→ **AIM OF THE TASK**
Under this line is a listing; return exactly the lines starting at the one with "Huismerk Brother LC-3237 magenta Front box" and running down to the one with "Naruto Collectible Card", and leave out its pictures.

→ **INPUT MATERIAL**
********************
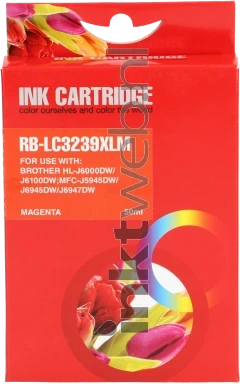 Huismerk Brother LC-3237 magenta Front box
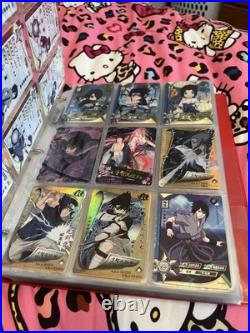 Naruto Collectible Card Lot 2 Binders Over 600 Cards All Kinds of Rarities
********************
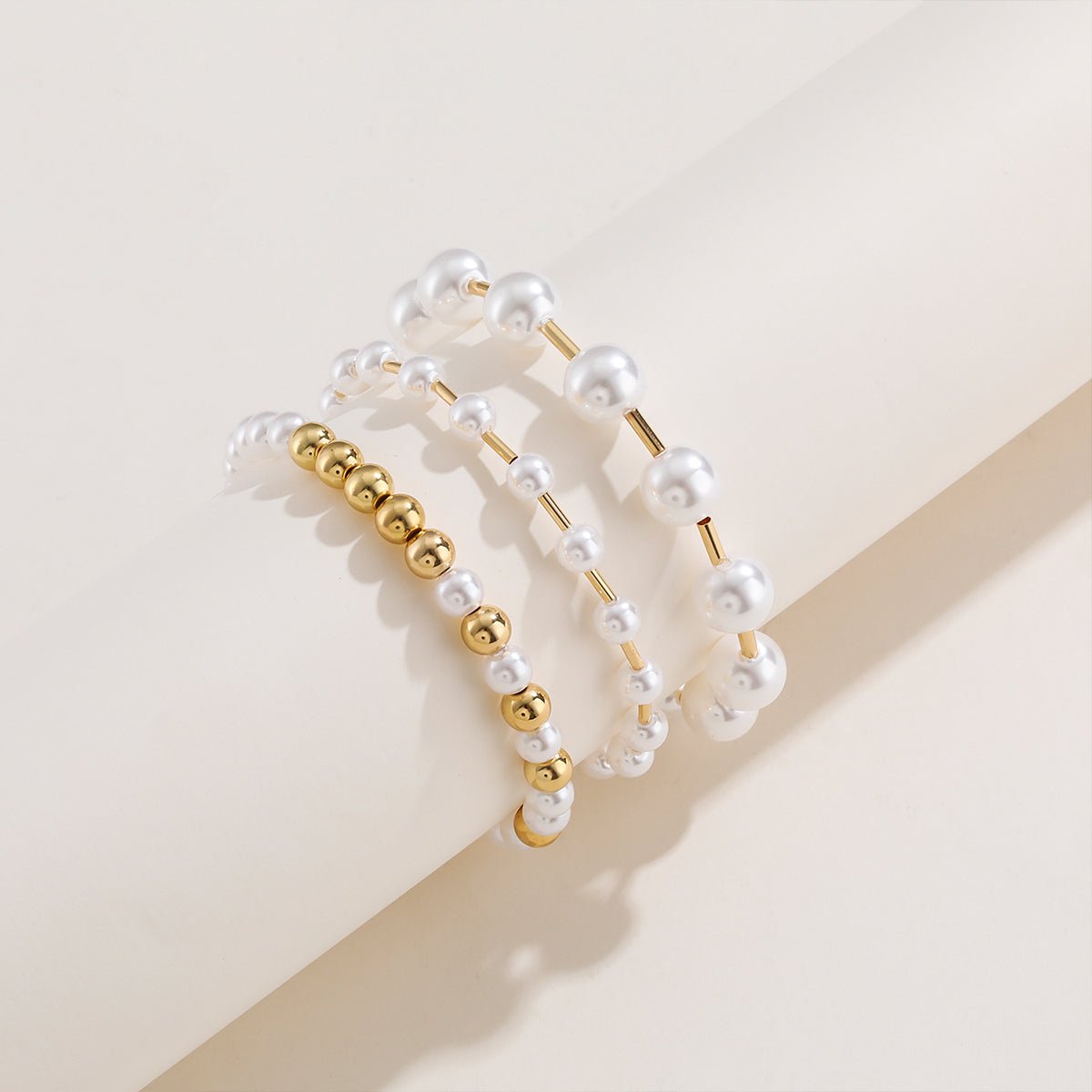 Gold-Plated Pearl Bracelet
********************
→ **SOLUTION TO THIS EXERCISE**
 Huismerk Brother LC-3237 magenta Front box
 Naruto Collectible Card Lot 2 Binders Over 600 Cards All Kinds of Rarities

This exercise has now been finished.